→ **Records supplied**:

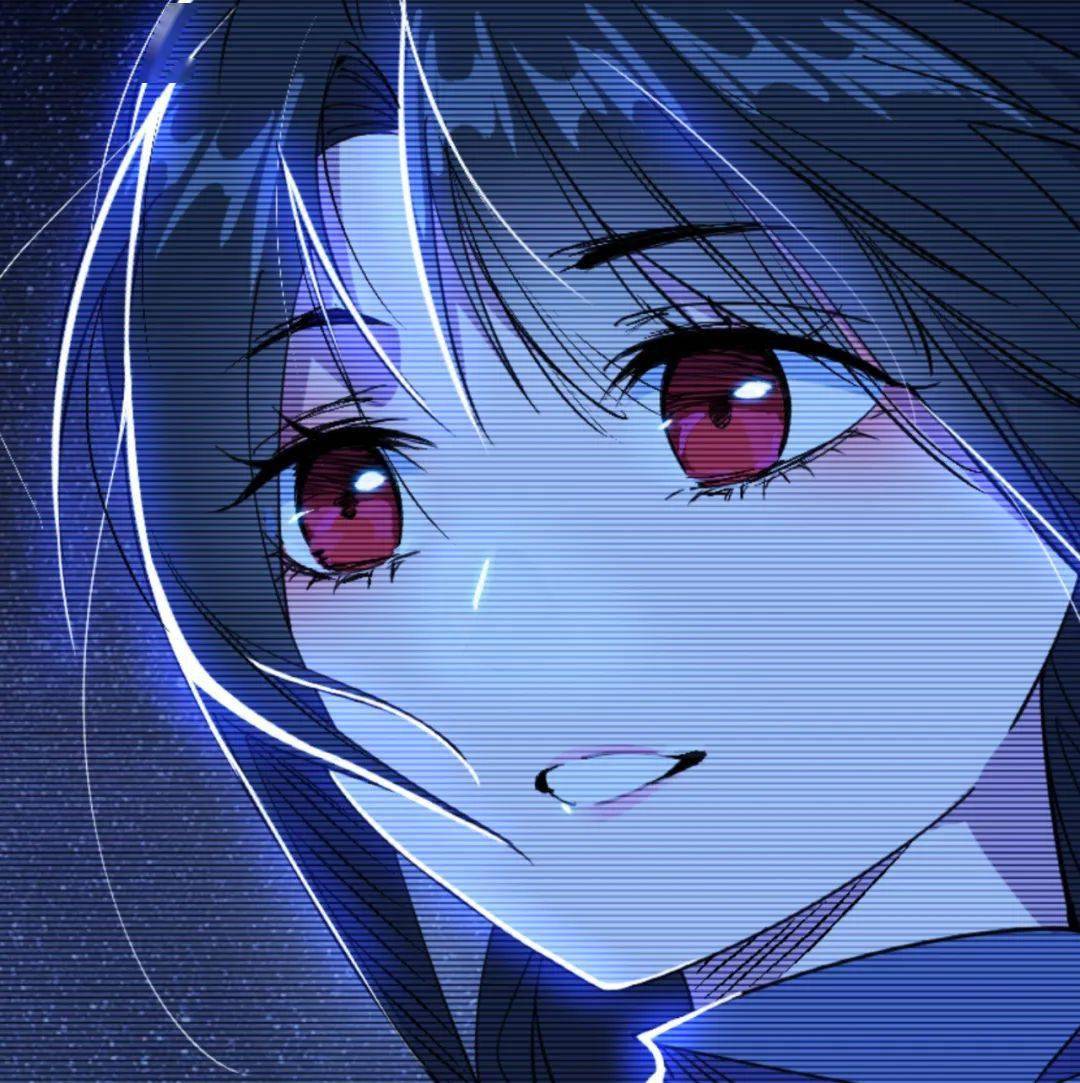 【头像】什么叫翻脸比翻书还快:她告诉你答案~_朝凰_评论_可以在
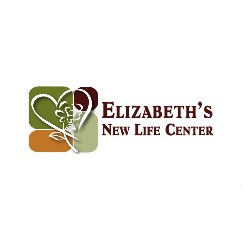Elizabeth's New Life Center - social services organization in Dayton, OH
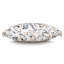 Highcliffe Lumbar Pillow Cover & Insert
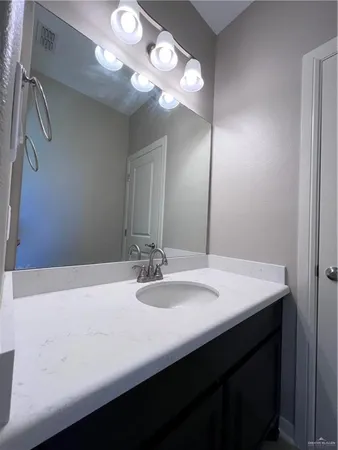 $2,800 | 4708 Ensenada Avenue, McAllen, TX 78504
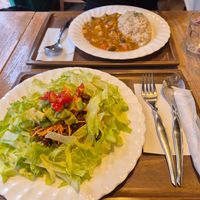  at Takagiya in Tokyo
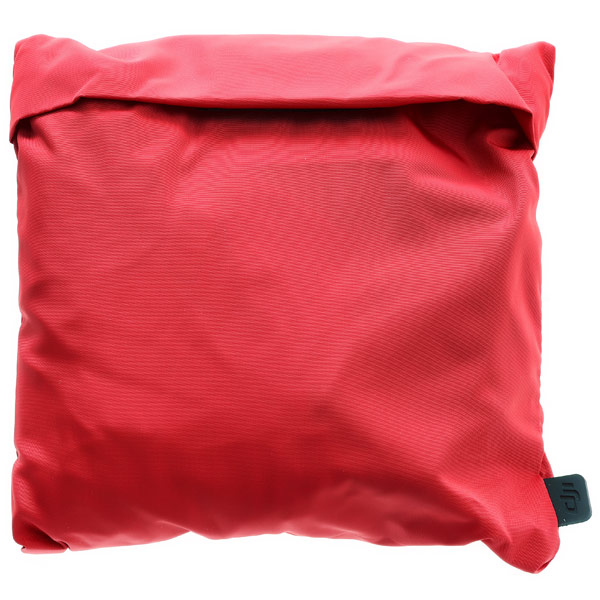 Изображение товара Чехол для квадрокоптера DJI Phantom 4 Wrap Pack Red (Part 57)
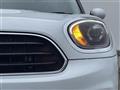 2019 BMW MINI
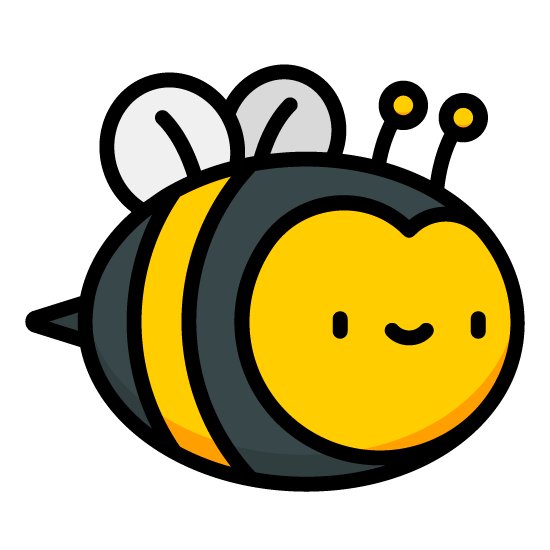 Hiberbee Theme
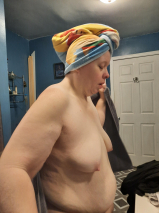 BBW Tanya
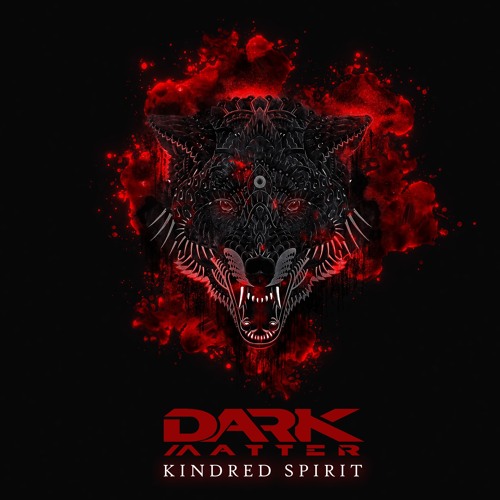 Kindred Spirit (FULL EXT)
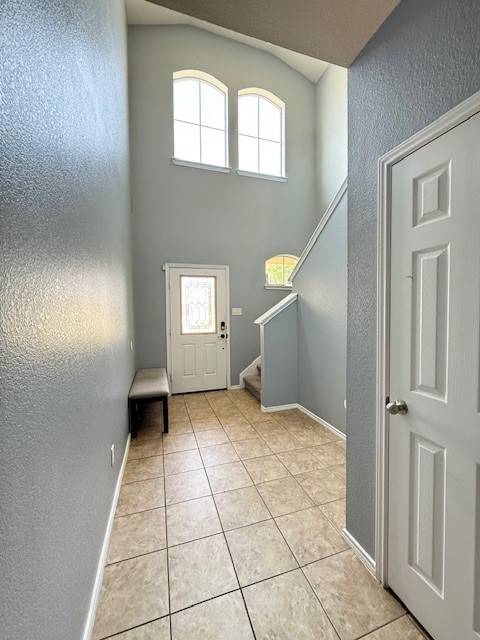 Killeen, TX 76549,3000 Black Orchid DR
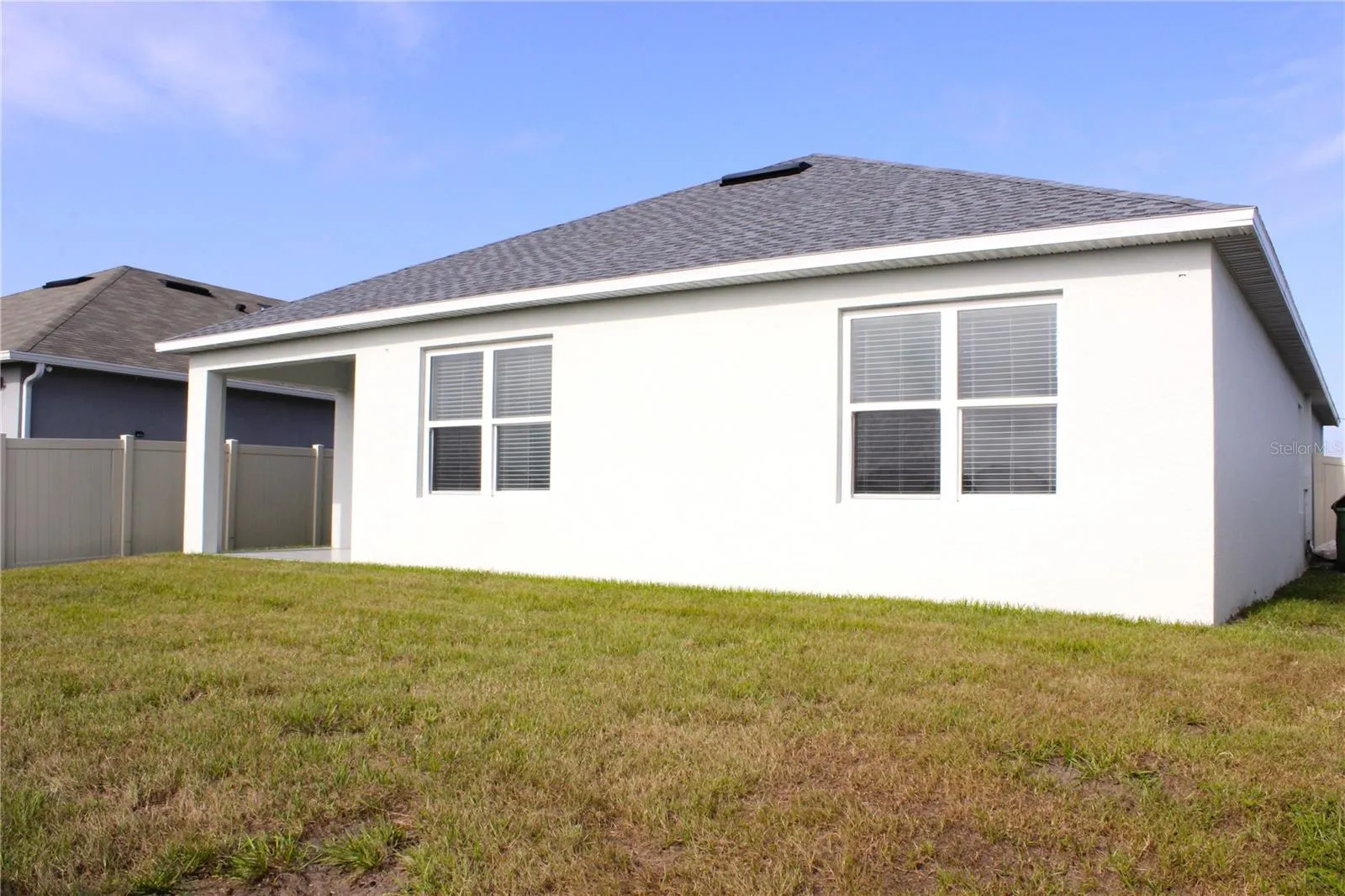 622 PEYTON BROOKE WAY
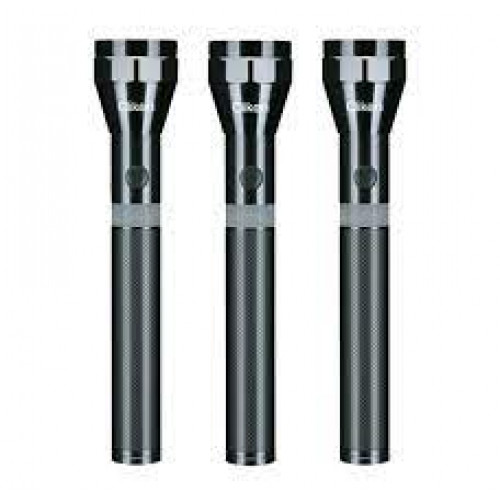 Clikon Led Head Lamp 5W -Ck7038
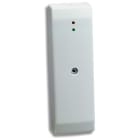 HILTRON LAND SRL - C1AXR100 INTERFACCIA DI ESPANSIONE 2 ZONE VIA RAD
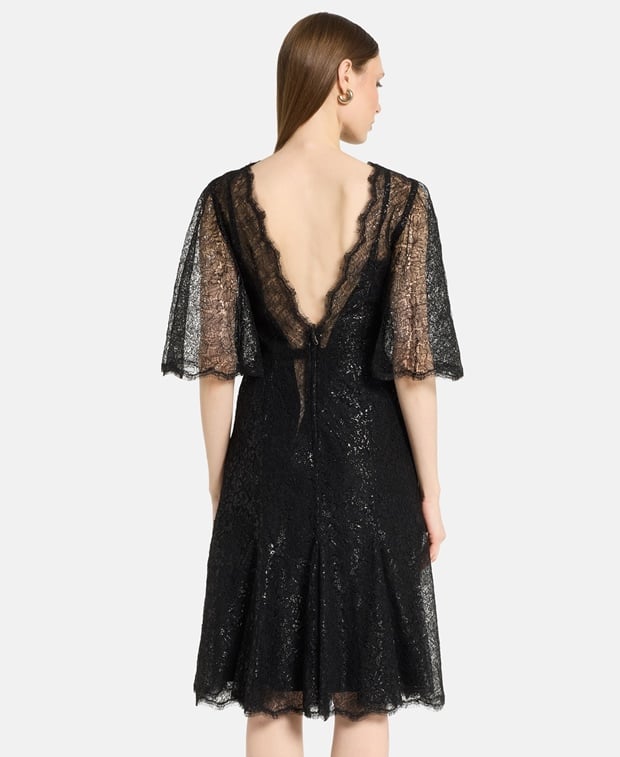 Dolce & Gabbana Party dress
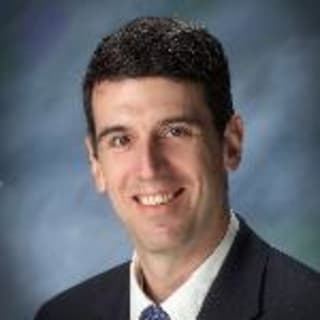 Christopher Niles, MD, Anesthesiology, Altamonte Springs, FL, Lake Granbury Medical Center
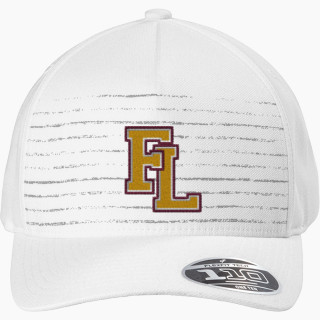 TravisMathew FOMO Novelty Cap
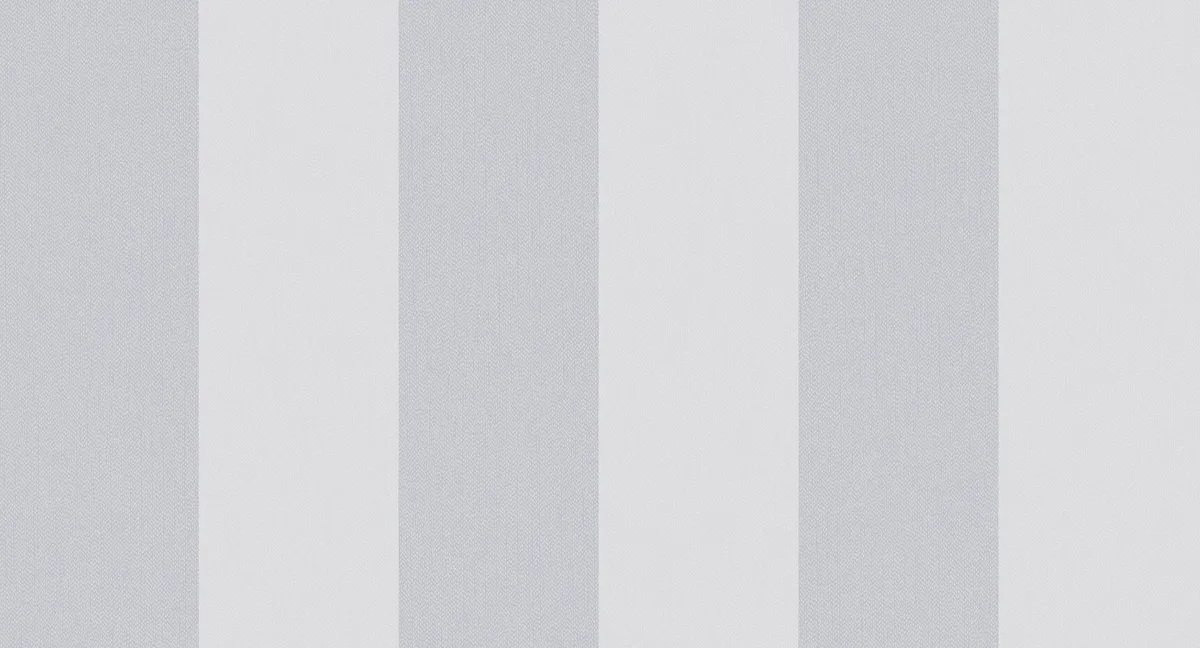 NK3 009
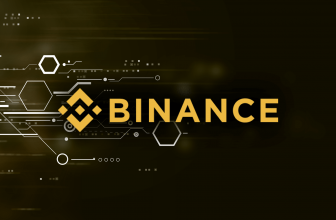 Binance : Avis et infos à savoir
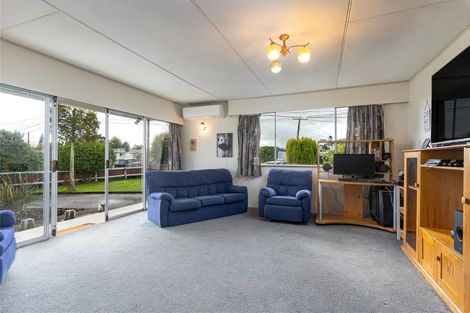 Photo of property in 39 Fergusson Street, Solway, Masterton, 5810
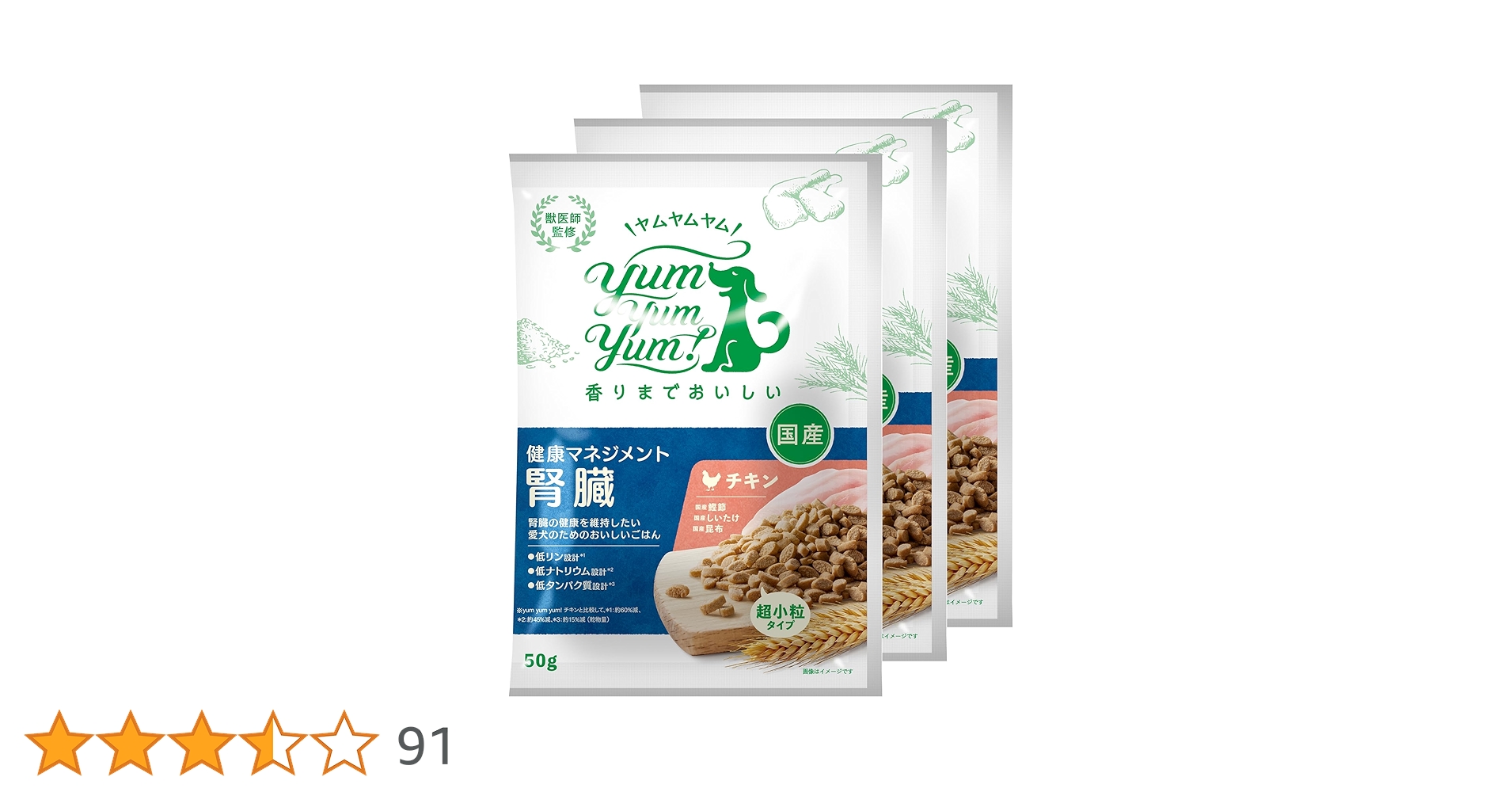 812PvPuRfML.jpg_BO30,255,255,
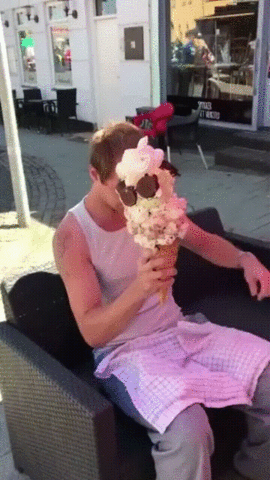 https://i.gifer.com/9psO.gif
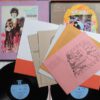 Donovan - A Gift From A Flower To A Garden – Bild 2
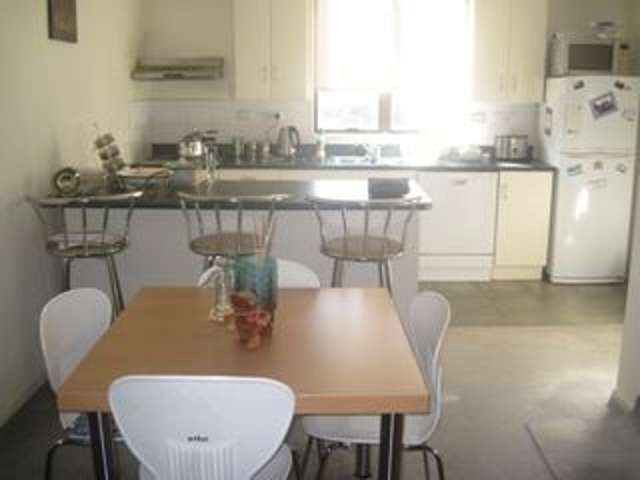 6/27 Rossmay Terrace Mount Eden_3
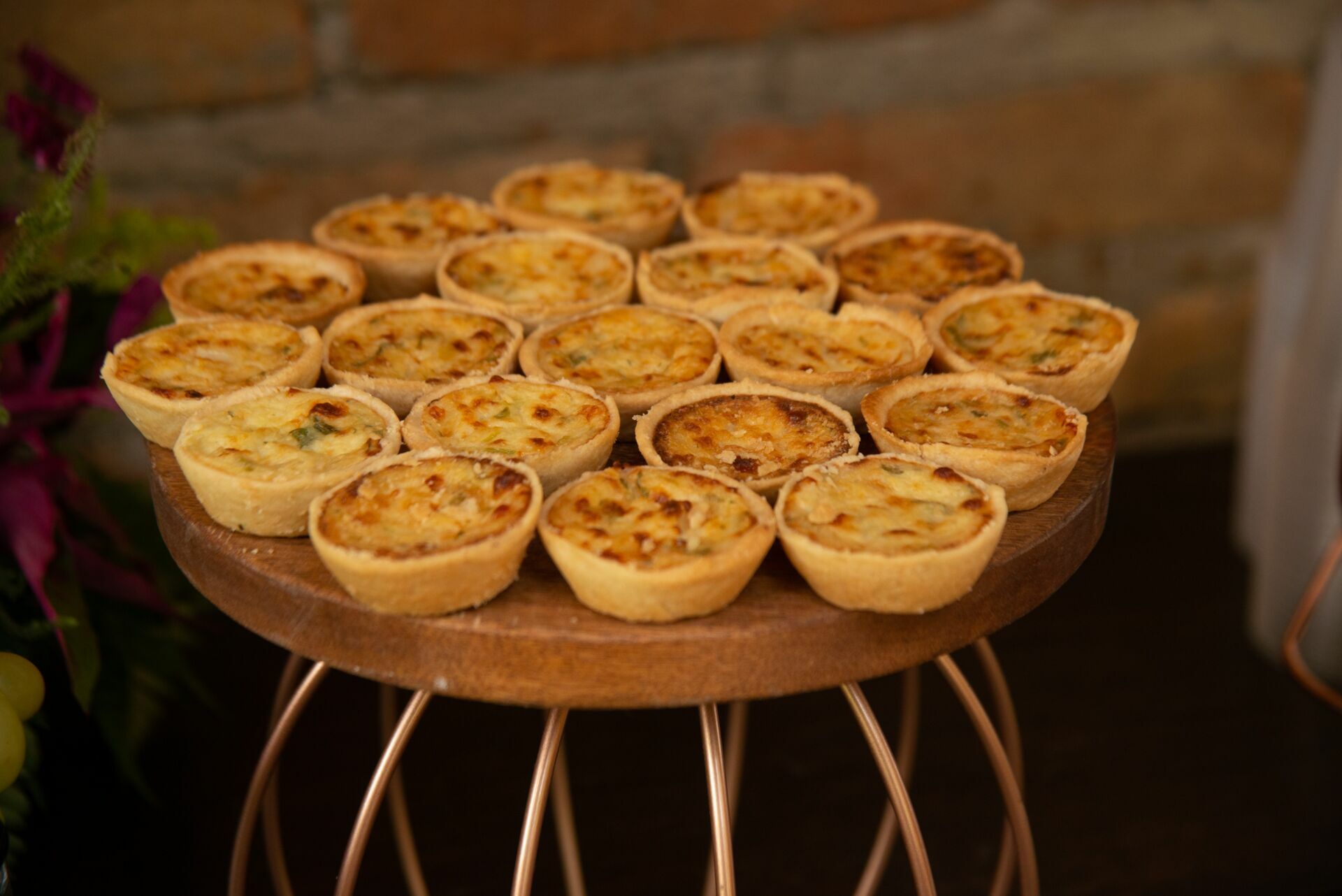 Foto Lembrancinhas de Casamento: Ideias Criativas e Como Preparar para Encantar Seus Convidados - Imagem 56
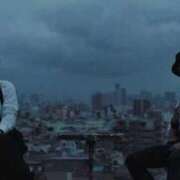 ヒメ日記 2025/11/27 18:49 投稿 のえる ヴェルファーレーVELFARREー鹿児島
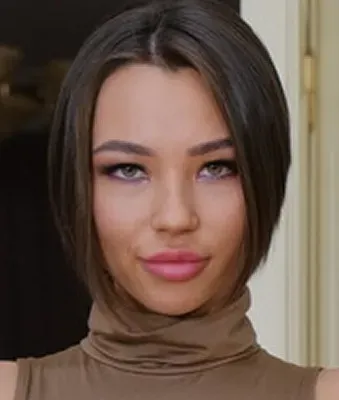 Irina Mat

→ **What is expected**:
Down to the last line, print the material exactly, but not its pictures.

→ **Answer space**:
 【头像】什么叫翻脸比翻书还快:她告诉你答案~_朝凰_评论_可以在
Elizabeth's New Life Center - social services organization in Dayton, OH
 Highcliffe Lumbar Pillow Cover & Insert
 $2,800 | 4708 Ensenada Avenue, McAllen, TX 78504
  at Takagiya in Tokyo
 Изображение товара Чехол для квадрокоптера DJI Phantom 4 Wrap Pack Red (Part 57)
 2019 BMW MINI
 Hiberbee Theme
 BBW Tanya
 Kindred Spirit (FULL EXT)
 Killeen, TX 76549,3000 Black Orchid DR
 622 PEYTON BROOKE WAY
 Clikon Led Head Lamp 5W -Ck7038
 HILTRON LAND SRL - C1AXR100 INTERFACCIA DI ESPANSIONE 2 ZONE VIA RAD
 Dolce & Gabbana Party dress
 Christopher Niles, MD, Anesthesiology, Altamonte Springs, FL, Lake Granbury Medical Center
 TravisMathew FOMO Novelty Cap
 NK3 009
 Binance : Avis et infos à savoir
 Photo of property in 39 Fergusson Street, Solway, Masterton, 5810
 812PvPuRfML.jpg_BO30,255,255,
 https://i.gifer.com/9psO.gif
 Donovan - A Gift From A Flower To A Garden – Bild 2
 6/27 Rossmay Terrace Mount Eden_3
 Foto Lembrancinhas de Casamento: Ideias Criativas e Como Preparar para Encantar Seus Convidados - Imagem 56
 ヒメ日記 2025/11/27 18:49 投稿 のえる ヴェルファーレーVELFARREー鹿児島
 Irina Mat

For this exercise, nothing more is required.